41. In conclusion, none of the activities adduced by Malaysia as confirmatory of a presumed original title amounts to an act undertaken à titre de souverain on the actual territory in dispute ⎯ Pedra Branca and related features.

⎯ Not the undisclosed 1968 letter by the then Commodore Thanabalasingham and its attached naval charts, for they were internal and confidential and they lack the necessary legal force to establish title or displace Singapore's sovereign title.

⎯ Not the 1968 Petroleum Agreement between Malaysia and Continental, for no legal conclusions can be drawn from the granting of an oil concession that expressly excluded all islands in the area, recognized that boundaries still had to be determined, and with respect to which no exploration was ever carried out and which was relinquished shortly after the agreement was signed.

⎯ Not the 1969 Ordinance concerning the extension of Malaysia's territorial sea because the Ordinance did nothing more than enunciate the methodology for future delimitations without identifying the areas which Malaysia considered to comprise its territorial sea, and did not mention Pedra Branca at all.

  • Not the 1969 Indonesia-Malaysia Continental Shelf Agreement because it was res inter alios as far as Singapore was concerned and because in any event it avoided the area around Pedra Branca.
  • Not the sporadic and non-exclusive fishing by Johor fishermen, for these activities are entirely of a private nature and have not been carried out on the basis of official regulations or legislation which might represent a display of authority over Pedra Branca.

And finally, not the alleged patrols of the waters around Pedra Branca by Malaysian vessels, for there is no evidence of actual patrolling demonstrating that Malaysia considered that Pedra Branca and related features were under its sovereignty.

42. At the end of the day, Mr. President, Members of the Court, Malaysia's conduct is fundamentally different from that of Singapore. Singapore has shown that its sovereignty over Pedra Branca was established by the taking of possession of the island in 1847-1851, and that Singapore's title was confirmed and maintained thereafter throughout formal acts of a sovereign nature, consistently carried out on the ground, and which have been expressly and implicitly recognized by Malaysia's own conduct.

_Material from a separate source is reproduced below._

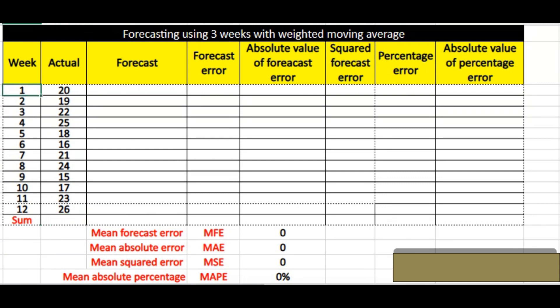I have taken 12 weeks here with the actual volume. On the basis of that I have to find out the forecast using weighted moving average. In weighted moving average, higher weightage is given to the most recent data and then it decreases. For example, if I want to make a forecast for April, I would give high weightage to March data — say 50% — then 30% to February and 20% to January. The percentage distribution depends on your analysis of historical data and experience.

43. In contrast, there are no competing activities of a similar nature on the part of Malaysia. The fragmented and vague activities that Malaysia adduces to support its claim are so remarkably thin and unpersuasive that they do not rise to the level of effectivités on Pedra Branca, and cannot, a fortiori, be confirmatory of any title to the island.

44. When all is said and done, the question as to which Party possesses sovereignty over Pedra Branca hinges on an assessment of the evidence showing the acquisition of sovereignty and the exercise of State functions on the ground. In the light of the facts of this case, the conclusion must be that Pedra Branca is, and has been, at all relevant times, subject to the territorial sovereignty of Singapore.

Mr. President, Members of the Court, this concludes my presentation. I thank you for your attention and I would be grateful if you could give the floor to Professor Pellet.